Once I began to read, I found myself setting the book down only to breathe slowly several times, and rescue myself from the sense of being carried in the swirl of rising water heading I knew not where, but which gave no hint of being anywhere good.

I would then feel compelled to pick it up again, caught up in a growing urgency to stick with her, and see how she was coping, managing and surviving it all.

Having finished the book, but still without home access to the internet or the phone, I have begun to read it again almost like someone who goes back into the dark to prove to themselves they are not afraid of it, and to explore its magnitude and magnificence in that knowledge of not coming to harm.

The Marble Arch caves are a bit like that – you need to go down there twice!

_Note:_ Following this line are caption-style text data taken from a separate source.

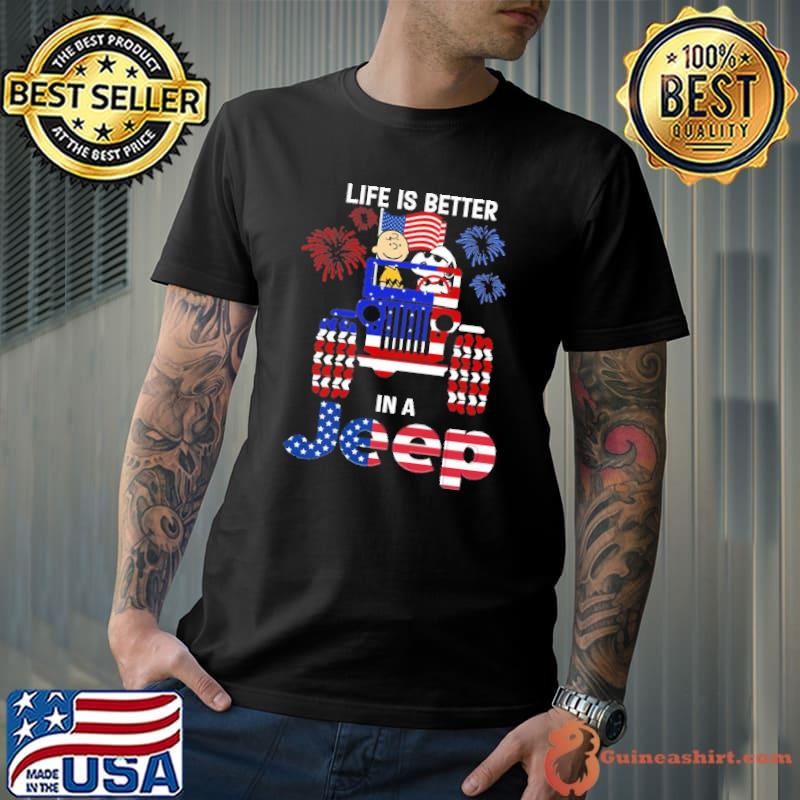 Life is Better in a Jeep Snoopy Charlie Brown Shirt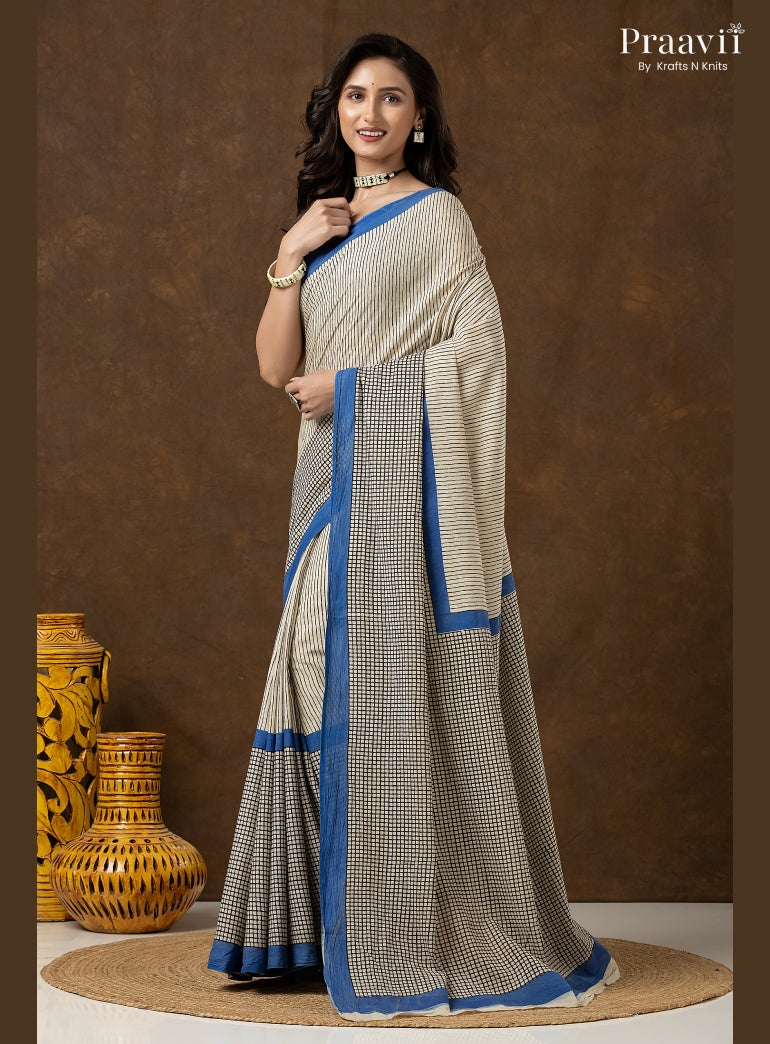 Stripes & Checks Bagru Print Mul Cotton Saree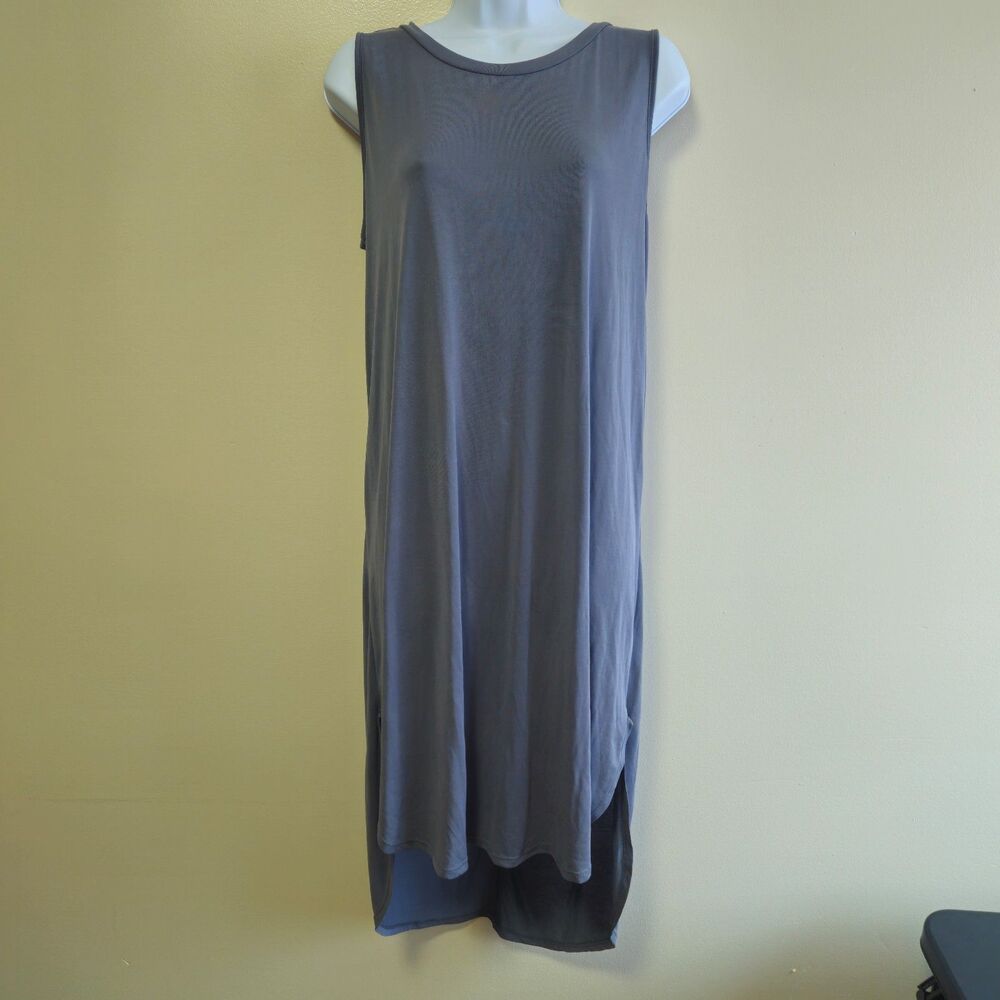 CY Fashion Tshirt Tank Dress Hi Low Lounger Made In USA Casual Grey Women Large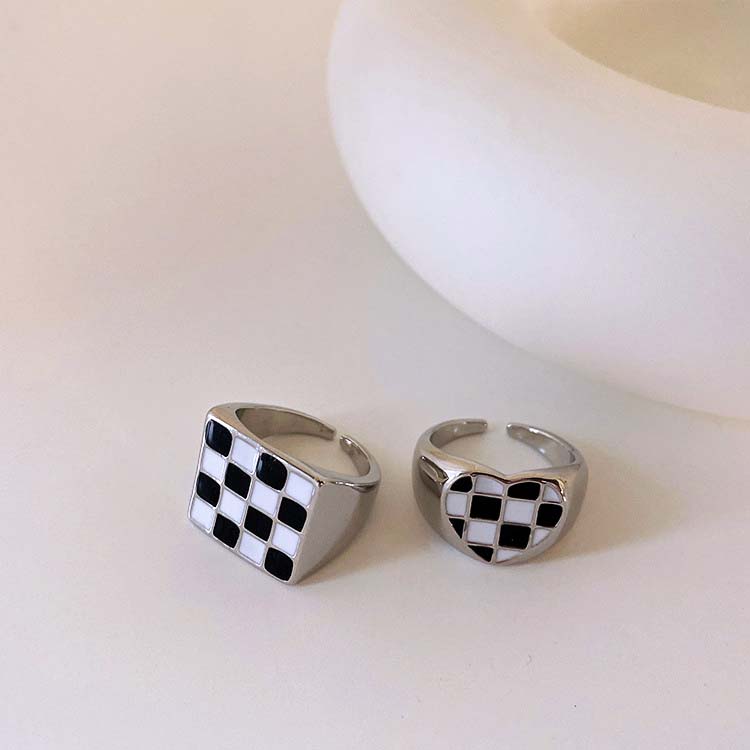 市松柄 モノトーン リング 指輪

Everybody who thinks that what happens outside your own comfort zone, to people you don’t know, is “none of your business” should read this book, in case some day it is your turn.

Every politician, political activist, civil servant, police officer, every teacher, trade unionist, butcher, baker and candlestick maker should read it.

It should be on the secondary school curriculum. There is still time.

But how much? How will we use it? That is the question.


Respect and Thanks to Children’s Law Centre, Belfast, who have taken legal action against the Northern Ireland Office for failure to properly protect children in Northern Ireland, especially those living with disability and socio-economic disadvantage. More on that, next week, folks.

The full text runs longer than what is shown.